#### PROVIDED RECORDS
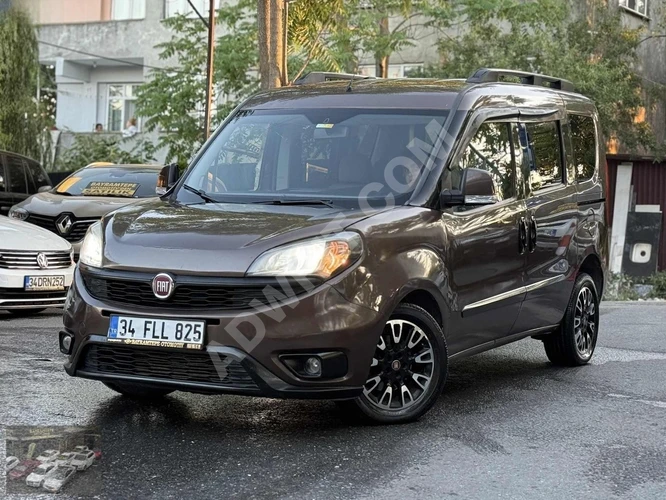 BAYRAMTEPE OTODAN 200 BİN PEŞİNATLA 2015 DOBLO 36 AY TAKSİT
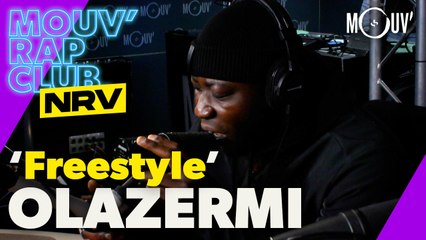 OLAZERMI : Freestyle | Mouv' Rap Club NRV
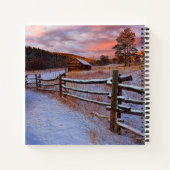 Snow Ranch Notizblock (Rückseite)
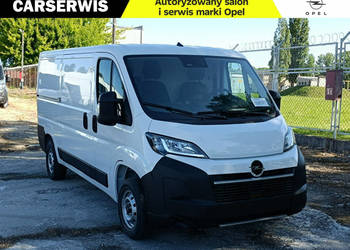 Opel Movano NOWY MODEL Opel Movano Furgon 120KM L2H1 -- 11,5m3 RP 2026 OD …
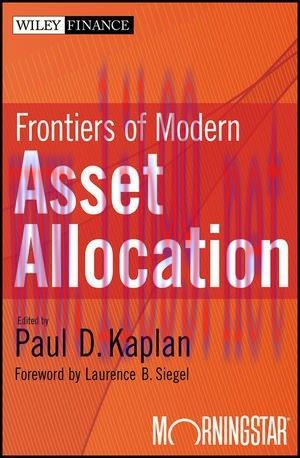 [FOX-Ebook]Frontiers of Modern Asset Allocation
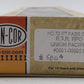 Con-Cor 0001-000921 HO Union Pacific 72' Smooth-Side Railway Post Office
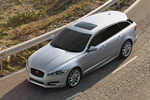 Jaguar XF Gama XF Sportbrake Gama XF Sportbrake Turismo familiar Rhodium Silver Exterior Frontal-Lateral-Cenital 5 puertas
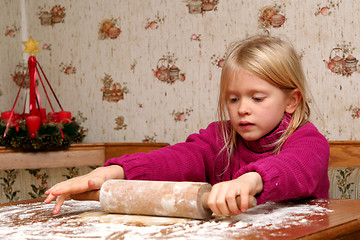 Image showing Christmas cookies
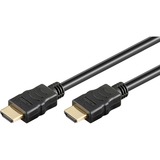 goobay Ultra High Speed HDMI 2.1 kabel met Ethernet Zwart, 5 meter
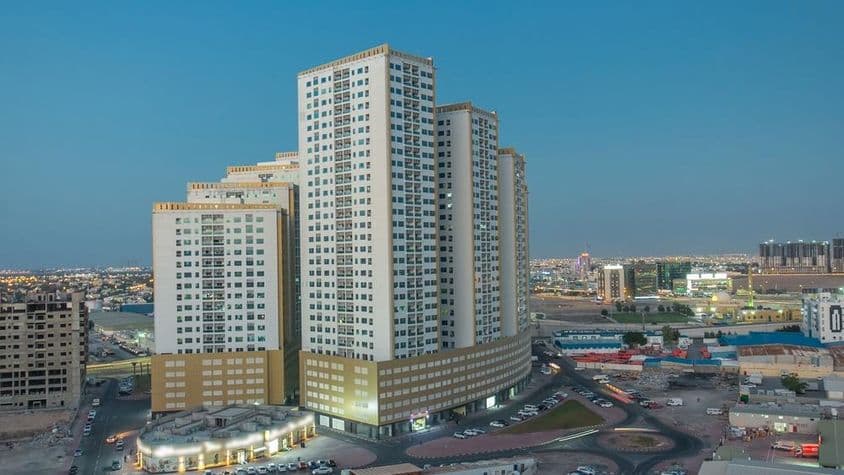 عجمان کے رہائشی ٹاورز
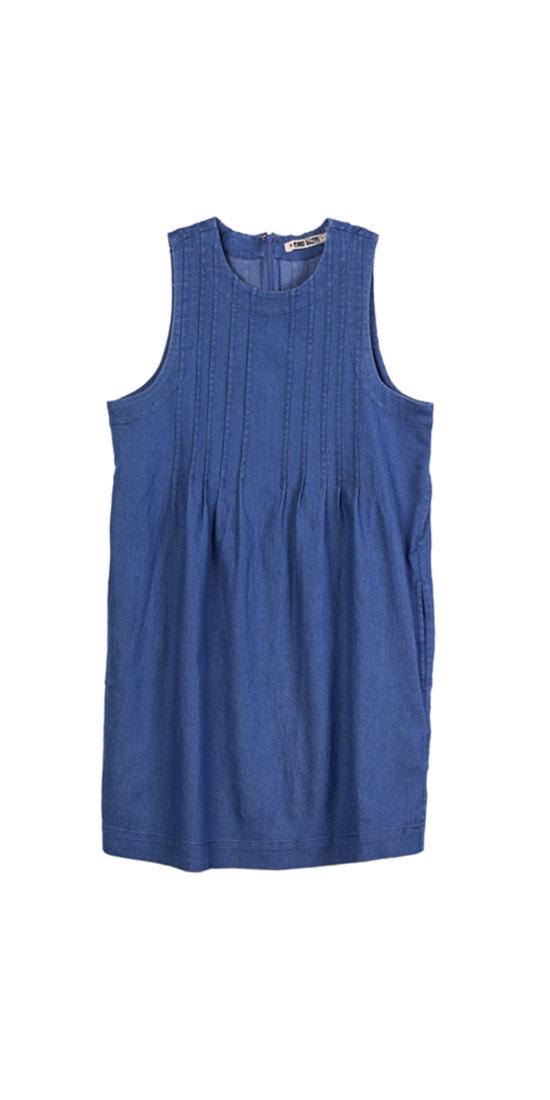  차오 루시아 숏 원피스 챠오 루시아 솔레다드 샴브레이 미니 드레스 - CIAO LUCIA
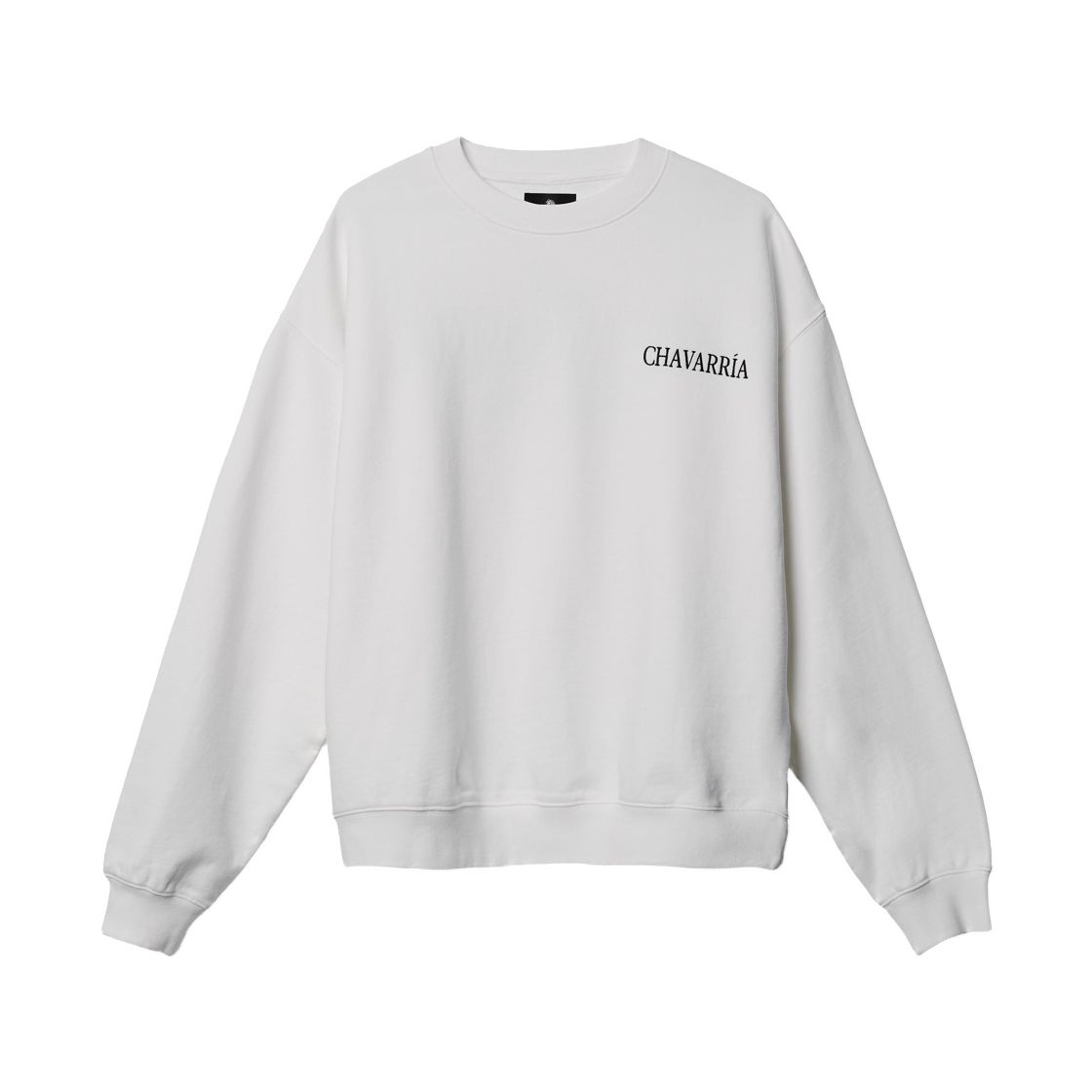 4393/442/250 Zara x Willy Chavarria Embroidered Crewneck Sweatshirt White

#### INSTRUCTIONS TO FOLLOW
Write the full listing out again with every line unchanged, but include no pictures.

#### EXPECTED OUTPUT
 BAYRAMTEPE OTODAN 200 BİN PEŞİNATLA 2015 DOBLO 36 AY TAKSİT
 OLAZERMI : Freestyle | Mouv' Rap Club NRV
 Snow Ranch Notizblock (Rückseite)
 Opel Movano NOWY MODEL Opel Movano Furgon 120KM L2H1 -- 11,5m3 RP 2026 OD …
 [FOX-Ebook]Frontiers of Modern Asset Allocation
 Con-Cor 0001-000921 HO Union Pacific 72' Smooth-Side Railway Post Office
 Jaguar XF Gama XF Sportbrake Gama XF Sportbrake Turismo familiar Rhodium Silver Exterior Frontal-Lateral-Cenital 5 puertas
 Image showing Christmas cookies
 goobay Ultra High Speed HDMI 2.1 kabel met Ethernet Zwart, 5 meter
 عجمان کے رہائشی ٹاورز
  차오 루시아 숏 원피스 챠오 루시아 솔레다드 샴브레이 미니 드레스 - CIAO LUCIA
 4393/442/250 Zara x Willy Chavarria Embroidered Crewneck Sweatshirt White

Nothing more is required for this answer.